Wednesday, April 20, 2011
Tuesday, April 19, 2011
Wednesday, April 13, 2011
Once upon a time there was a lighthouse keeper named Lyall that lived on Stephens Island in New Zealand. Lyall had a cat companion named Tibbles. Tibbles was a terrific hunter and soon proudly began bringing the lighthouse keeper lifeless feathered gifts in the form of a song bird. No one had seen these beautiful flightless birds before and men of science excitedly took notice. In 1894 the bird was named Lyall's Wren (or Stephens Island Wren). In that same year of discovery the Lyall's Wren was also found to be utterly and completely extinct. Tibbles singlehandedly wiped out an entire species of bird. The End. (Totally true story).

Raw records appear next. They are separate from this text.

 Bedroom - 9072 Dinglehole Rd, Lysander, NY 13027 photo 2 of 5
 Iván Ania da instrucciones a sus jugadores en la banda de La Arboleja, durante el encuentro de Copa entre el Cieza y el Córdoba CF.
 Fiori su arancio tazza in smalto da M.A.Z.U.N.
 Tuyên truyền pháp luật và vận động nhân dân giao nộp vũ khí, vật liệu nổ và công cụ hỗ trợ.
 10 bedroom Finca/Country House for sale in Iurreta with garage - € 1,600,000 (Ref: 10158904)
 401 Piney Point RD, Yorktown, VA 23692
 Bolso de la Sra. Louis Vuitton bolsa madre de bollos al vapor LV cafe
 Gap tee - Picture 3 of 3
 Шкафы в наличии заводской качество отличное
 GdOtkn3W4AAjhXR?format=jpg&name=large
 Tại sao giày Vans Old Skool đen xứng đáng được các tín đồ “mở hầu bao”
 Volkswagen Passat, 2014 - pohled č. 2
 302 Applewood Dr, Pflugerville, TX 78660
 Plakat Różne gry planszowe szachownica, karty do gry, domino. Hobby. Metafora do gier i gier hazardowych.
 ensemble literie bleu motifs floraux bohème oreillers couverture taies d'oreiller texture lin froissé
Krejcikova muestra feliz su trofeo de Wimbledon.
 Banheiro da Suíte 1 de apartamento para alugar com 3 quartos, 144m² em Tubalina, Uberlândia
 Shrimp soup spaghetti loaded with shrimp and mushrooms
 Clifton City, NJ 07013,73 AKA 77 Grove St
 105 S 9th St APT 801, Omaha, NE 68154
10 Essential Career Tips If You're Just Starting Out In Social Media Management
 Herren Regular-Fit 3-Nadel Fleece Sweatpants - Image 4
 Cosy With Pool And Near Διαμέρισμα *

Walter Buller was one of the very excited folks that managed to get his paws on a few of the specimens of the Lyall's Wren before there were no specimens to be had. Buller was also the one who arranged the importation of sparrows from England. An indigenous bird discovered the same year as it became extinct mixed with a non-native species that thrive to this day. Hmmm...I think I'll make a painting about that. Wait, I already did.
Thursday, April 7, 2011
My first theory and research paper was due this week which led me to the research topic I will be working with for the rest of the semester and hopefully beyond. Here it is, try not to fall asleep...The Lasting Effects of the Discovery and Documentation of Avian Species During the Victorian Era. Ta-dah!
I've been doing endless research on the topic and I'm fascinated with New Zealand born colonists' desire to be accepted by their "homeland" (not unlike colonists' views in the U.S.). Sir Walter Buller (with an endless list of letters at the end of his name) was a lawyer, politician, and most famous for his ornithological discoveries. He is a prime example of this need to belong and thought that collecting titles and promotions was the way to gain status among his London born and breed colleagues. He fought to become a "gentlemen" but was looked down upon because of his "colonial upstart".
Buller loved the honor of receiving a prestigious medal (represented in the painting above). If he wasn't handed the medal he wanted, he petitioned for it and more often times than not received it.
The bird above is a long-tailed cuckoo. Cuckoos are brood parasites. They lay their egg in another species nest (in the long-tailed cuckoos case it's the nest of the whitehead, yellowhead, or brown creeper). After laying the egg, the cuckoo's parental duties are over and the whitehead parents take over.